Diversidade e atitude

Diversidade de oferta em várias gamas, melhoria do preço médio e maior acompanhamento dos produtores junto dos seus clientes. Estes são alguns dos pontos que Jorge Monteiro, presidente da ViniPortugal, elencou como sendo vitais para a melhoria da competitividade do setor vitivinícola nacional.
Portugal representa 1% da quota de exportação da produção mundial, é o 11º produtor mundial e tem em preço médio de venda de exportação um euro superior ao espanhol (considerando o vinho do Porto), sendo o 7º melhor preço médio (3,51 dólares/litro) e o 8º no valor global de exportações de vinhos, com 747 milhões de dólares.
Para Jorge Monteiro, o setor deve ser capaz de “adaptar a oferta às expectativas dos mercados” e melhorar “a competitividade dos preços de custo”. Por outro lado, é necessário “construir marcas, origens ou castas, com forte notoriedade, no mercado mundial”.
E se Portugal é o terceiro país do mundo com maior número de castas autóctones e ocupa um lugar cimeiro na diversidade genética por área de superfície, apenas 34 castas representam 89% do total da vinha, predominando 18 tintas, das quais duas internacionais (61% de área); e 16 brancas, todas nacionais (28% de área), sublinhou Maria João Fernão-Pires, do IVV.
Também a diversidade de oferta foi elencada, a qual deve incluir tipos de vinhos (brancos, tintos, rosados), o segmento (popular, entrada, premium e superpremium) e de regiões. “Mas é igualmente necessário conhecer os mercados e as preferências dos consumidores”, valorizar aspectos relacionados com a saúde (em mercados como chinês), embalagem (BIB na Noruega), acidez vs., açúcar (Polónia) ou o estado da economia dos mercados (Angola e Brasil)”, reforçou Jorge Monteiro.
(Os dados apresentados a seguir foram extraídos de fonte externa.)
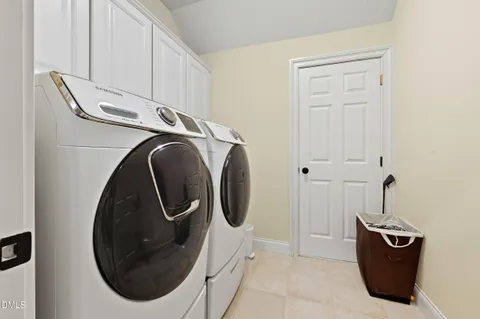 a front view of a house with garden and plants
Por outro lado, “não assentar a competitividade nos preços baixos, mas trabalhar para melhorar a competitividade dos custos”, ou seja, “o rendimento por hectare e custos de produção por hectare”. Mesmo “a vender mais caro que Chile, Espanha e África do Sul, não significa que ganhemos mais”, sublinhou. Portugal apresenta um rácio de preço por hectare inferior a praticamente todos os países do chamado Novo Mundo, bem como Espanha e Itália. Jorge Monteiro frisou que os operadores devem mudar de atitude, desde logo no aperfeiçoamento de técnicas de comunicação, marketing e vendas, bem como no acompanhamento do cliente.
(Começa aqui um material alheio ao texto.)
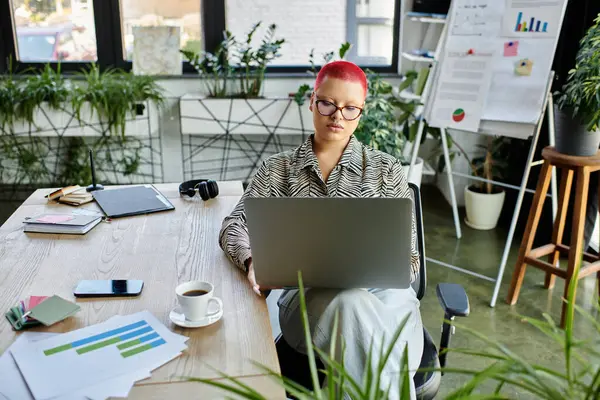 A stylish bald woman engages with her laptop in a vibrant office filled with plants. — Stock Photo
No mesmo sentido foi a opinião do enólogo António Ventura, para quem Portugal tem a necessidade de acrescentar valor ao seu preço médio e vinhos diferenciadores podem ajudar. “Vinhos fáceis e baratos”, “comerciais e tecnológicos”, “vinhos Premium de elevado valor” e “vinhos de nicho diferenciadores”, “que estilos de vinhos fazer para conquistar mercados?”, questionou. “A resposta costuma ser: todos, porque cada um terá o seu mercado”.
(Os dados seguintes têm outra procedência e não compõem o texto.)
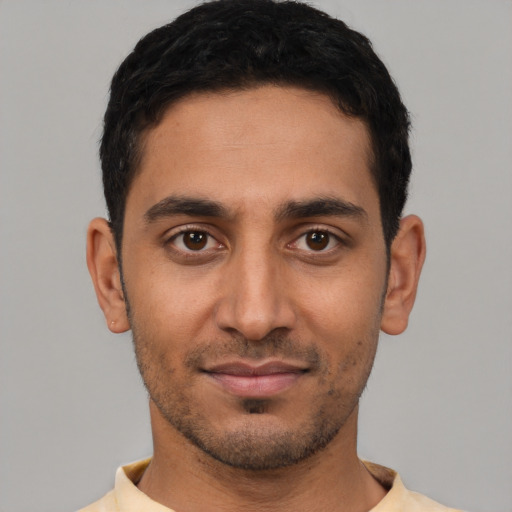 Joyful latino young-adult male with short  black hair and brown eyes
Portugal e a região de Lisboa, em particular, “possuem um conhecimento secular e a capacidade inquestionável para produzir vinhos mais ou menos consensuais, mas sobretudo diferenciadores”, afirmou António Ventura. “Esta diversidade e capacidade de fazer diferente constitui o nosso melhor trunfo competitivo cá dentro e lá fora”, mostrando-se convicto que “os resultados futuros falarão por si”.